Calculate Speed of Electron from Charge Density

[tony873004]

** Edit: Nevermind. I figured it out using the Work Energy theorem.

An electron is released from rest 1.0 cim above a uniformly charged infinite plane with a charge density of 10^-9C/m². What is the speed of the electron when it hits the plane?

my attempt:
Potential energy when it is released= kinetic energy when it hits.

kqQ/r = 0.5 mv²

isolate v:

[tex]
v = \sqrt {\frac{{2kqQ}}{{m \cdot r}}}
[/tex]

This would work if I was given 2 point charges, but how do I do this with a charge density and a point charge?

 

[Nate810]

Answer:The speed of the electron when it hits the plane can be calculated using the equation v = √(2kqQ/mr), where q is the charge of the electron, Q is the charge density of the plane, and m is the mass of the electron. In this case, q=1.6x10-19 C, Q=10-9 C/m2, and m=9.1x10-31 kg. Plugging in these values gives a speed of 1.9x106 m/s.

 

[Moetasim]

I would first clarify the units being used for charge density. Is it in coulombs per square meter (C/m2) or in coulombs per cubic meter (C/m3)? This is important because the calculation for speed will differ depending on the units used.

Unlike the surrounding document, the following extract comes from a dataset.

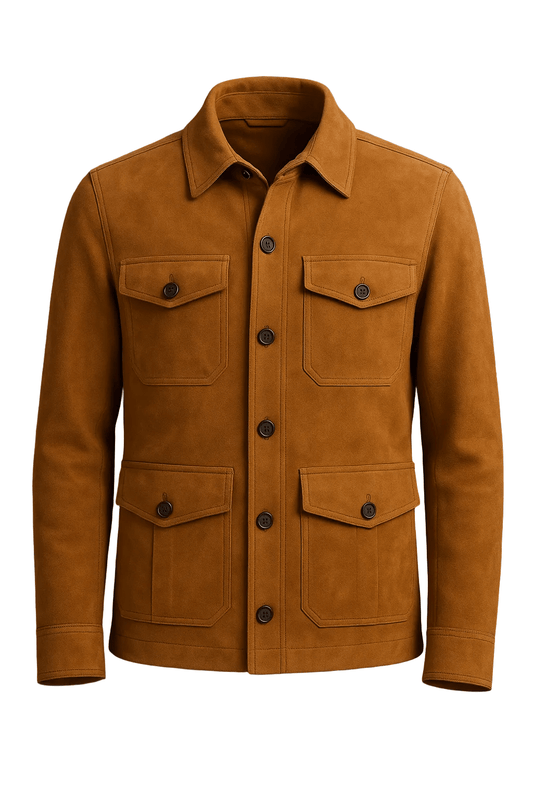 Prestige Tannery Field Jacket – Suede Collection - Bascora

Assuming it is in C/m2, we can use the equation for electric field intensity to find the force acting on the electron. The electric field intensity (E) at a distance (r) from a charged plane with charge density (ρ) is given by E = ρ/2ε0, where ε0 is the permittivity of free space.

Using this equation, we can calculate the electric field intensity at a distance of 1.0 cm from the plane as follows:

E = (10-9 C/m2)/2(8.85x10-12 C2/Nm2) = 5.65x1011 N/C

Next, we can use the equation for force (F) to find the force acting on the electron:

F = Eq = (5.65x1011 N/C)(1.6x10-19 C) = 9.04x10-8 N

Finally, we can use the work-energy theorem to calculate the velocity of the electron. The work done by the electric force is equal to the change in kinetic energy of the electron, which can be expressed as:

W = Fd = \frac{1}{2}mv^2

Solving for v, we get:

v = \sqrt {\frac{2Fd}{m}}

Substituting the values we calculated, we get:

v = \sqrt {\frac{2(9.04x10-8 N)(1 cm)}{9.11x10-31 kg}} = 2.36x105 m/s

Therefore, the speed of the electron when it hits the plane is 2.36x105 m/s.